Immunohistochemistry:

Neonatal lung and ileum were harvested and were frozen in embedding medium(Tissue Tek, Sakura, CA) using isopentane on dry ice. Frozen tissues were sectioned(10 μm), fixed with 10% formalin(09122, Neogen Vet, Lexington, KY), permeabilized with 0.1% Triton-X-100(9410, Millipore, Burlington, MA), blocked with Background Buster(NB306, Innovex, Richmond, CA) and incubated overnight with rabbit anti-IL-1α(ab7632, Abcam, Cambridge, MA) followed by AF555 donkey anti-rabbit IgG(A31572, Life Technologies, Carlsbad, CA). Sections were mounted with Prolong Gold with 4ʹ,6-diamidino-2-phenylindole(DAPI)(P36935, Invitrogen, Carlsbad, CA) and visualized by confocal microscop using a Carl Zeiss LSM710 confocal microscope(Germany).

Reagents:

Anti-murine IL-1α(clone ALF-161, BioXCell, West Lebanon, NH), anti-murine IL-1β(BioXCell, clone B122), recombinant murine IL-1β (R&D Systems, Minneapolis, MN), and IL-1ra(anakinra, Sobi, Waltham, MA) were prepared according to manufacturer specifications.

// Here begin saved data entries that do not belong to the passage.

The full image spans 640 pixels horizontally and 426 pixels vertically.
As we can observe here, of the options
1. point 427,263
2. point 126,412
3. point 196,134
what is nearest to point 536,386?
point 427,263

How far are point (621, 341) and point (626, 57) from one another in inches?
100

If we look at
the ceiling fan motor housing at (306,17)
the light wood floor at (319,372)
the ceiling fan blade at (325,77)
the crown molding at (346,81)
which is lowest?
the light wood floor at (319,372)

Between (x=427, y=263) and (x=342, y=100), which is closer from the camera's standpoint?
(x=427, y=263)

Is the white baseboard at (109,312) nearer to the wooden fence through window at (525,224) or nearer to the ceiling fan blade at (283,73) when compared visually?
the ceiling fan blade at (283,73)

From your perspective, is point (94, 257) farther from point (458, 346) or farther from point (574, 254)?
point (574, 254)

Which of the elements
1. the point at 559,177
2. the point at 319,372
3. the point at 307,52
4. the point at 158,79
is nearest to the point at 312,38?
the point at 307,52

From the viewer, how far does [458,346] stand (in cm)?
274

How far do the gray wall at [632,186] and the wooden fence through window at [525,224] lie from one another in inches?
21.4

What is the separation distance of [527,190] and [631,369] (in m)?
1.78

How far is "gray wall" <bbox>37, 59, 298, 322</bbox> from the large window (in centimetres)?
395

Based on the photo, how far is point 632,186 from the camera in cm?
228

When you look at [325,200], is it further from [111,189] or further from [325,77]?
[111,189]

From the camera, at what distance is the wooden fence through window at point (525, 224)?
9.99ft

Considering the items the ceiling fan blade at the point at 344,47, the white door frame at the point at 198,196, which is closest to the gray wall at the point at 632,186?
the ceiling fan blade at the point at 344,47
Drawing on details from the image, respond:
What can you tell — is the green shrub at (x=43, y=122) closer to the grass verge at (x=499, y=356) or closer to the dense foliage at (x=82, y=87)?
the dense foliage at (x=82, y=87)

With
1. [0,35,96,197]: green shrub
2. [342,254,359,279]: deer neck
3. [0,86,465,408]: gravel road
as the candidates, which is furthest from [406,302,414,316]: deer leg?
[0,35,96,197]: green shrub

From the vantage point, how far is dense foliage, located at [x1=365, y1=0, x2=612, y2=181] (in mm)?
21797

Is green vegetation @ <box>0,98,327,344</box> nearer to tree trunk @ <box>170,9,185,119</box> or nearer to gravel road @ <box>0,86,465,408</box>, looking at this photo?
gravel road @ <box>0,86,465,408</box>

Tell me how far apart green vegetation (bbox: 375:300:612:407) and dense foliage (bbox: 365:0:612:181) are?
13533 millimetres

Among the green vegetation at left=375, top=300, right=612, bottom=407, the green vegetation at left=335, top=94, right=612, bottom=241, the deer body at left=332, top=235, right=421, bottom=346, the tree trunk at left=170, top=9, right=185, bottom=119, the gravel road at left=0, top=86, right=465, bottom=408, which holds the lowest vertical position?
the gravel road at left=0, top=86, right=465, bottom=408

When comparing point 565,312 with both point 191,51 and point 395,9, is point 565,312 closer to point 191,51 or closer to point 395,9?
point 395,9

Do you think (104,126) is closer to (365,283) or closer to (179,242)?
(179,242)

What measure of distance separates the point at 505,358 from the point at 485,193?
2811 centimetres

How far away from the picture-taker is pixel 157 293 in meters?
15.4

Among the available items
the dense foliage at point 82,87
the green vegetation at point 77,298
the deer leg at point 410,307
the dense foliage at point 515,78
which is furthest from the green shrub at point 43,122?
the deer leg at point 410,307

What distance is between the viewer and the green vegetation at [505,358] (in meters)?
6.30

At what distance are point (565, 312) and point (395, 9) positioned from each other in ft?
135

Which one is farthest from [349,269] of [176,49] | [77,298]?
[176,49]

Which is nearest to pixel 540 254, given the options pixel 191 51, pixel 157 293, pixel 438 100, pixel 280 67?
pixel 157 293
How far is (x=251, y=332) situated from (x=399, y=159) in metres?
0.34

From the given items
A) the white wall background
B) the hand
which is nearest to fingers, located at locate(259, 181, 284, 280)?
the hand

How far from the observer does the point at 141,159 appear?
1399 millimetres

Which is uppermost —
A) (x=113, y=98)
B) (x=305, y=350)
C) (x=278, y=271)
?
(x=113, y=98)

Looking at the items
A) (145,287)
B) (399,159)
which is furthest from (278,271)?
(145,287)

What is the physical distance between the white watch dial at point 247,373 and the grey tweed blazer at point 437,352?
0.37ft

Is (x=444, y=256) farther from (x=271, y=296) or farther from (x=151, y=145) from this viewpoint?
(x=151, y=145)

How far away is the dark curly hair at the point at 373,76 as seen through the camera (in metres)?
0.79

Antibodies used for western blotting include anti-murine-IL-1α(Catalog # ab7632, Abcam, Cambridge, MA), anti-murine-IL-1β(Catalog # AF-401-NA, R&D Systems, Minneapolis, MN), anti-β-actin(Catalog # A5316, Sigma-Aldrich, St Louis, MO) and IRDye secondary antibodies (LI-COR, Lincoln, NE).

Statistics:

Survival was compared using Fisher’s exact test. Values were considered significant if the two-tailed confidence level was p<0.05. Depending on whether the descriptive analyses passed normality and equal variance, a student’s t-test, Mann-Whitney, or Wilcoxon signed-rank test was used to compare results from two groups. Values were considered significant if p<0.05. Analyses were performed using Prism 7(GraphPad, La Jolla, CA).

Results

Sepsis survival is enhanced in IL-1R1-deficient neonatal mice.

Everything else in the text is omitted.